Many cities in the U.S. are looking for the best way to deal with the web-driven boom in short-term rentals and its negative impact on neighborhoods and local quality of life.
It has taken two years filled with highly polarized debate, but the Austin City Council is poised next week to give final approval to a policy that allows commercial short-term rentals in neighborhoods.
Groups fighting for and against the policy have been increasing online campaigns, media blitzes and protests in advance of the Aug. 2 council meeting.
Two camps have emerged: Those who want tough restrictions say neighborhoods need protecting; the other side says the new policy should respect property rights and should not be so strict as to drive the industry underground.

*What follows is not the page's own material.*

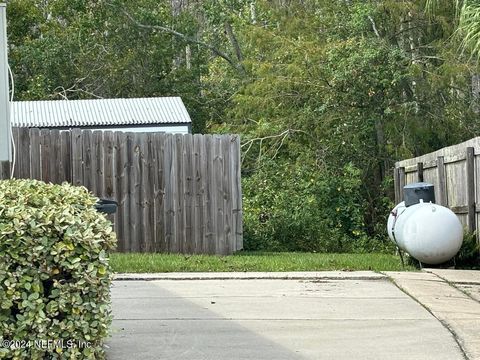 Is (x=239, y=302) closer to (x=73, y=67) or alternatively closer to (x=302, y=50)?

Those arguments aren’t unique to Austin. Industry experts estimate the United States has more than 3 million short-term rental properties, in large part because of the ease of listing and finding the hotel alternatives using Internet brokerage firms.
In response to the trend, New York, San Francisco and Portland, Ore., banned the rentals completely. Maui, Hawaii, allowed them but imposed a limit of 400 properties and requires renters to pay a 9.25 percent hotel tax. In San Antonio and Austin, they have been completely unregulated.
“The regulations vary very widely,” said Carl Shepherd, co-founder and chief strategy and development officer of Austin-based HomeAway Inc., which operates one of the most popular vacation rental websites. Shepherd said the company does not know every city’s short-term rental rules but asks homeowners renting the property to affirm that they’re complying with all laws.
Different types of rental units
Arguments in Austin have focused on the so-called commercial rentals — homes that are not typically occupied by their owners and are primarily used as rentals. In a study commissioned by the city, about 1,500 short-term rental properties were found, with a third of them in the 78704 ZIP code, which covers South Austin. The city auditor could find owner information for only 900 of the properties, and of those, more than a third were commercial short-term rentals.
The city’s proposed regulations, given preliminary approval at the June 7 council meeting, would allow short-term commercial rentals but require all renters to register with the city and pay a 15 percent hotel tax. The rules also limit the number of short-term rentals to 3 percent of all houses in a ZIP code. The proposed rules do not apply to apartments, condominiums or other multifamily properties.
Neighborhood groups hoping for a complete ban on the rentals protested Saturday outside the headquarters of HomeAway and want the City Council to reverse course or at least tighten the restrictions. They complain that commercial rentals hollow out urban neighborhoods by replacing regular residents with temporary ones and are essentially businesses in a residential zone.
Joel Rasmussen, president of the Austin Rental Alliance, which represents renters and favors allowing rentals of homes not occupied by their owners, argues that an outright ban on residential rentals of less than 30 days isn’t effective. Furthermore, he said, cities that do so lose out on hotel taxes they could be collecting.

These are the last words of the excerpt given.